The Immigration-EU nexus

As we wait the publication of the latest figures on immigration – likely to show marked further increases in net migration – we might wonder about the link to the EU referendum. Nigel Farage has already been doing just that this morning.

It’s widely noted that a key part of UKIP’s success in recent years has been the coupling of the two issues: the EU forcing the UK to have open borders, leading to uncontrolled migration.Whatever one’s politics, the efficacy of the message is clear.

However, the referendum moves us into less clear waters. Unlike an election, this is nominally a single-issue vote and so normal political logics don’t always work.

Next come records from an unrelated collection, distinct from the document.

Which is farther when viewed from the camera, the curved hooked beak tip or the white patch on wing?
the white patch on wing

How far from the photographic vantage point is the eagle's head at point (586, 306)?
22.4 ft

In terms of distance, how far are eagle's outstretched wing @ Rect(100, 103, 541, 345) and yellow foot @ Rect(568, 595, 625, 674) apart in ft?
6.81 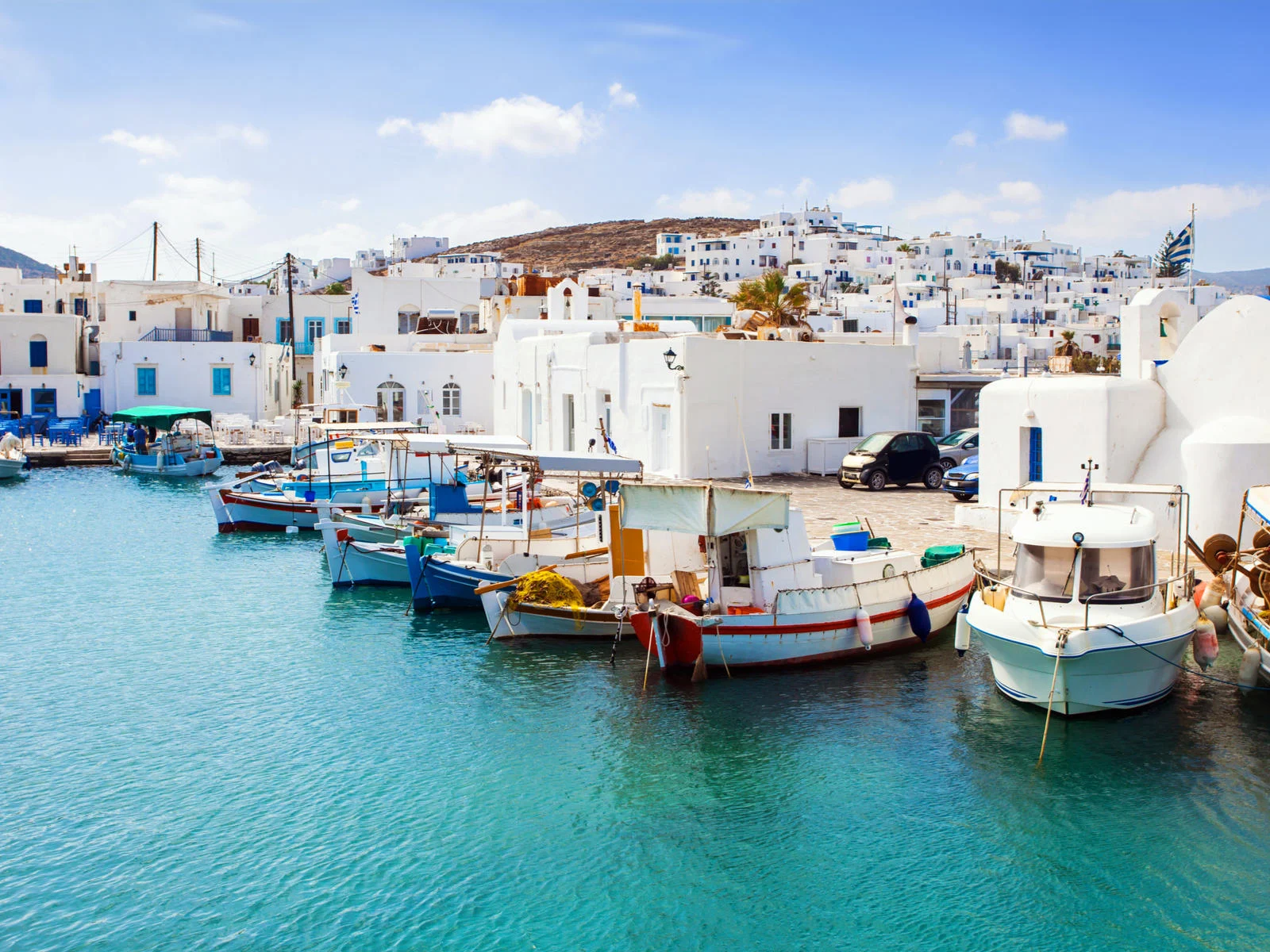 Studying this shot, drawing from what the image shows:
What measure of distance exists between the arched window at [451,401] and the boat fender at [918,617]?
3338 centimetres

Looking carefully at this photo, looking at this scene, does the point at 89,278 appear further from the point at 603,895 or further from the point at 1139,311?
the point at 603,895

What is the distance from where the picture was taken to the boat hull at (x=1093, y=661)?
1349 cm

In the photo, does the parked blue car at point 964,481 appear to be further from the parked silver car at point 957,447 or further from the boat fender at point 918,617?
the boat fender at point 918,617

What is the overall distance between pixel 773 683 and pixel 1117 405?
9.80 metres

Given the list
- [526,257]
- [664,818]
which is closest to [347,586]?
[664,818]

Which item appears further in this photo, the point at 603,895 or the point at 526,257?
the point at 526,257

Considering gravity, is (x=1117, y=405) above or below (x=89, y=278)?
below

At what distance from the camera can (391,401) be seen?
4747 centimetres

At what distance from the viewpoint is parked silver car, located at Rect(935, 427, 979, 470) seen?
98.1 ft

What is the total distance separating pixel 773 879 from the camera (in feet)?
34.4

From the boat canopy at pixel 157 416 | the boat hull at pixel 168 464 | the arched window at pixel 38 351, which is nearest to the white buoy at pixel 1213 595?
the boat hull at pixel 168 464

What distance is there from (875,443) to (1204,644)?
15.0 m

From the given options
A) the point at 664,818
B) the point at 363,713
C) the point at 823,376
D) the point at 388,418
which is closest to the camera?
the point at 664,818

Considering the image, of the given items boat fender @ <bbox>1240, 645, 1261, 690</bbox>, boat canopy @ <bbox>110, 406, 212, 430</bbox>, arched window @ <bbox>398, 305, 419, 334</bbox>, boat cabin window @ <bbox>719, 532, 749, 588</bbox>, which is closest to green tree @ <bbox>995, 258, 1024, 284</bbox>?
arched window @ <bbox>398, 305, 419, 334</bbox> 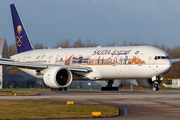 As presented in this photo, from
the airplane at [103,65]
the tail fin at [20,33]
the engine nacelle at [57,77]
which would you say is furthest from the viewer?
the tail fin at [20,33]

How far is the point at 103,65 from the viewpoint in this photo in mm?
34469

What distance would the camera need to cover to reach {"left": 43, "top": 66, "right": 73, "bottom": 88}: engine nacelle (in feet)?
104

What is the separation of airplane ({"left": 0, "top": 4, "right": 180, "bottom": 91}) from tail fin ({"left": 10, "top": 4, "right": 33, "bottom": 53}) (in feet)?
16.3

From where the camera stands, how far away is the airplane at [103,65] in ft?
105

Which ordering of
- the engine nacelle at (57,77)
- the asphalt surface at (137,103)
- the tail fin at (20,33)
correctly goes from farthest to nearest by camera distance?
the tail fin at (20,33) → the engine nacelle at (57,77) → the asphalt surface at (137,103)

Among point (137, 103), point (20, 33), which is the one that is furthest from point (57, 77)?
point (137, 103)

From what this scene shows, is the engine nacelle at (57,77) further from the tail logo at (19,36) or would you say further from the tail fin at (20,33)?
the tail logo at (19,36)

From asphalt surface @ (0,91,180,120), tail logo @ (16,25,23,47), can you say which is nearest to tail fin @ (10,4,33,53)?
tail logo @ (16,25,23,47)

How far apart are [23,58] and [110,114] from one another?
30020 mm

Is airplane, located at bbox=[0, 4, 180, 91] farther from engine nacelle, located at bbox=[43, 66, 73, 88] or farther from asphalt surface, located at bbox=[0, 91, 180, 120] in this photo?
asphalt surface, located at bbox=[0, 91, 180, 120]

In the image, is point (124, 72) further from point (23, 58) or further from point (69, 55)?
point (23, 58)

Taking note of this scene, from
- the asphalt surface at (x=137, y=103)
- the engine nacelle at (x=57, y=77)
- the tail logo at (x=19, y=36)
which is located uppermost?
the tail logo at (x=19, y=36)

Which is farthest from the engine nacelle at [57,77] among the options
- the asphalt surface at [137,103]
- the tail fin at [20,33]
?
the tail fin at [20,33]

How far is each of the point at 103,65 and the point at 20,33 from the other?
48.2ft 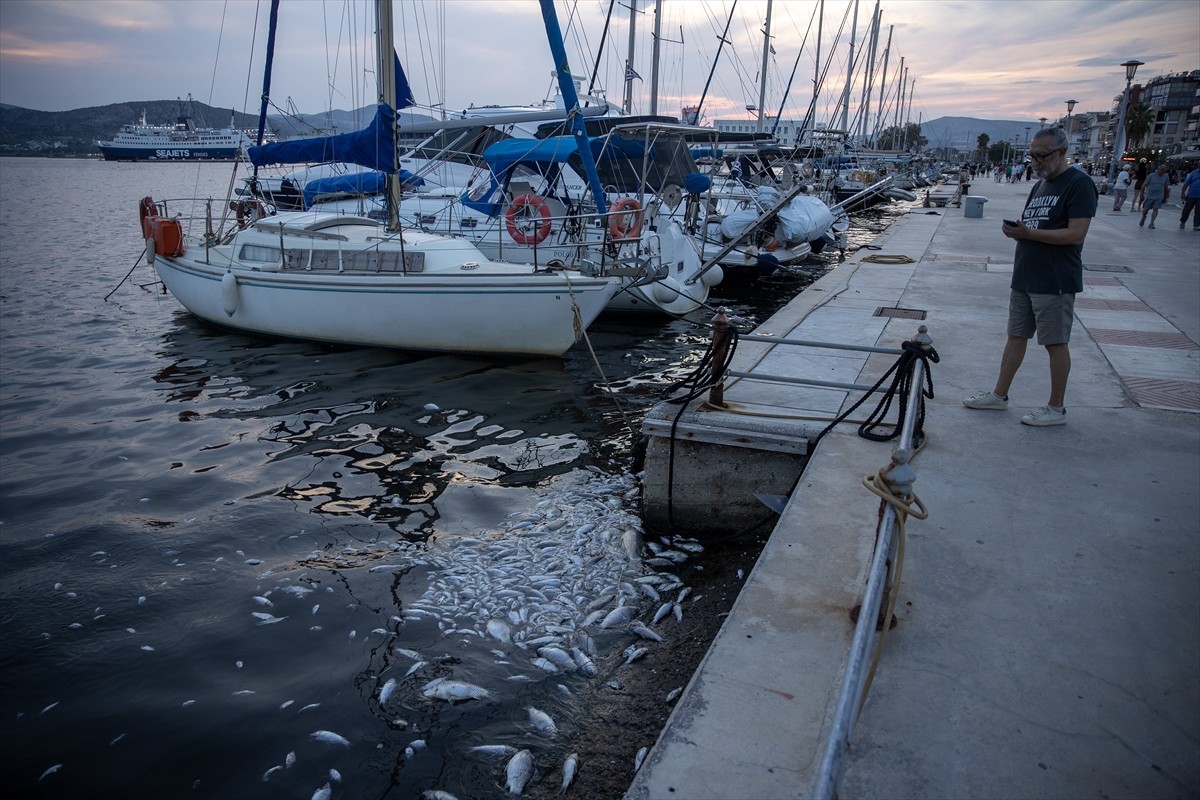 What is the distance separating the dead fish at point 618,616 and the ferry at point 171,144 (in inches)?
5482

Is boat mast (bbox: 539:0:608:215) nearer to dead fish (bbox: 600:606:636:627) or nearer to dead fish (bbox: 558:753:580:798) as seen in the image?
dead fish (bbox: 600:606:636:627)

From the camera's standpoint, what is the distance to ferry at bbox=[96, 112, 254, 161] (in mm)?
126438

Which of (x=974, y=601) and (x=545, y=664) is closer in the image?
(x=974, y=601)

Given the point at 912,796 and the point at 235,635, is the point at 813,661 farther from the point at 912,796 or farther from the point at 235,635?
the point at 235,635

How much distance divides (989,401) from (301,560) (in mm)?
5883

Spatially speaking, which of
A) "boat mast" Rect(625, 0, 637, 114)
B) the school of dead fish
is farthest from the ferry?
the school of dead fish

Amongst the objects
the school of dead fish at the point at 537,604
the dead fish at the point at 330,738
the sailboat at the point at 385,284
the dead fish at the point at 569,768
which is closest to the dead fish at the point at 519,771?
the school of dead fish at the point at 537,604

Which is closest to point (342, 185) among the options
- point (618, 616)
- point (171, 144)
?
point (618, 616)

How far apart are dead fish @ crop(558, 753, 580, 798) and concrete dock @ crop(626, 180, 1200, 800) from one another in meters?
0.93

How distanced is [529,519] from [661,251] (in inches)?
361

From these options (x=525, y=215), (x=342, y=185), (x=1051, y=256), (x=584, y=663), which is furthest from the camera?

In the case of the immigration-EU nexus (I’m preparing for the start of term by using more complicated words BTW) that means there is an opportunity to break that link in ways that haven’t been possible beforehand.

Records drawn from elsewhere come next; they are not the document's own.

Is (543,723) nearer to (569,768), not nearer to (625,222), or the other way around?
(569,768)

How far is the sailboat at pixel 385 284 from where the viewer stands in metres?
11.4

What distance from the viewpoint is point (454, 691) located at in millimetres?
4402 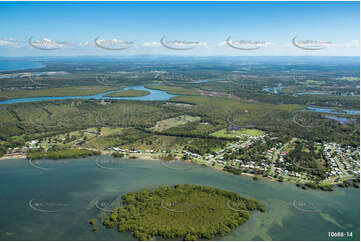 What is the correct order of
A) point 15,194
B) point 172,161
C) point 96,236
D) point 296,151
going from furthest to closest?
point 296,151
point 172,161
point 15,194
point 96,236

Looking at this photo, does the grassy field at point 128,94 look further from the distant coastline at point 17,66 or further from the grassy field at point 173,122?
the distant coastline at point 17,66

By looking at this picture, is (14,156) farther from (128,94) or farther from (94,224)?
(128,94)

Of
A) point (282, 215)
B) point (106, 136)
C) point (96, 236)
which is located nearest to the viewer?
point (96, 236)

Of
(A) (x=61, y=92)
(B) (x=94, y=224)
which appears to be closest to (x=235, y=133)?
(B) (x=94, y=224)

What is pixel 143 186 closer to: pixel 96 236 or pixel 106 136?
pixel 96 236

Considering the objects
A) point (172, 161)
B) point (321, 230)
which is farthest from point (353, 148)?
point (172, 161)

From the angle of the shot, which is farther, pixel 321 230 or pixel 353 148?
pixel 353 148

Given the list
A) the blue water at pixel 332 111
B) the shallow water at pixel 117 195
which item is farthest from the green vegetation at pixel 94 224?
the blue water at pixel 332 111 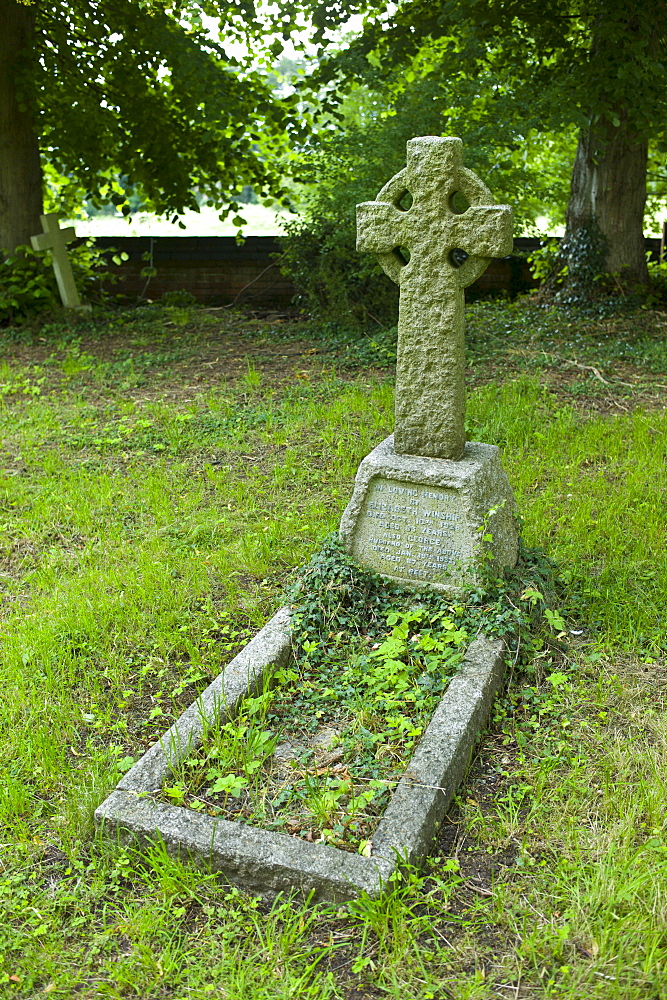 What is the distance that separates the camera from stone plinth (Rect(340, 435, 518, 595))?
3707mm

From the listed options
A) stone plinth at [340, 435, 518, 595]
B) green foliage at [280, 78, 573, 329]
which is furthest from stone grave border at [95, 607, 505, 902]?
green foliage at [280, 78, 573, 329]

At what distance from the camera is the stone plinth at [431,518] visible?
371 centimetres

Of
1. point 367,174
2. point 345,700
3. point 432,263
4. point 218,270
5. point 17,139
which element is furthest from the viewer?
point 218,270

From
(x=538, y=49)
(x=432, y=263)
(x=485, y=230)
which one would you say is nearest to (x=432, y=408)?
(x=432, y=263)

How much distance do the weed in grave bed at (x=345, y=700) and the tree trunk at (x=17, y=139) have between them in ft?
23.8

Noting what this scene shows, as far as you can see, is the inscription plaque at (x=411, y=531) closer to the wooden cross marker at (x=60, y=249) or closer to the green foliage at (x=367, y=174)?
the green foliage at (x=367, y=174)

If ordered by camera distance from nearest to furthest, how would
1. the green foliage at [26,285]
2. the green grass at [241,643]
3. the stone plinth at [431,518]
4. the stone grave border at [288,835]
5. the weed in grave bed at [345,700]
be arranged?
1. the green grass at [241,643]
2. the stone grave border at [288,835]
3. the weed in grave bed at [345,700]
4. the stone plinth at [431,518]
5. the green foliage at [26,285]

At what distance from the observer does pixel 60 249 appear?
9.44 meters

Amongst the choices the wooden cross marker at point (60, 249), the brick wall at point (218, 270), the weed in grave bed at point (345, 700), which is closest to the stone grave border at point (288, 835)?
the weed in grave bed at point (345, 700)

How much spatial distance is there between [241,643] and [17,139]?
774 centimetres

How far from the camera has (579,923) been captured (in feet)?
7.70

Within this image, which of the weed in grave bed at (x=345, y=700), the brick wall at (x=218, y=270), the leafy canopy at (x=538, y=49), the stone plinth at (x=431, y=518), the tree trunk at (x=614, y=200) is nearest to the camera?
the weed in grave bed at (x=345, y=700)

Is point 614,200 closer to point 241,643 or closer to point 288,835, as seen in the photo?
point 241,643

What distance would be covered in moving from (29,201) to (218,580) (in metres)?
7.06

To date, the connection has worked because it’s presented as a inchoate mass: the immigration, the EU, lily-livered politicians, crime, British values, etc., etc. The details might not seem right, but the overall impression is one of a mess, and a of a mess that’s got serious implications for all sorts of things.

In the referendum debate, the focus falls much more sharply on the EU and its role. This matters because the claim from eurosceptics is that the EU is central in the failure to control immigration, because it creates an different category of (intra-EU) migrant over whom the UK has much more limited power to restrict or remove.

There’s certainly some truth to that view, although as Cameron is discovering now with his renegotiation, there is scope for further restrictions on benefits that lie within his power, rather than the Union’s. However, intra-EU migration remains the smaller part of UK immigration, and is typically more short-term and economically motivated than extra-EU flows.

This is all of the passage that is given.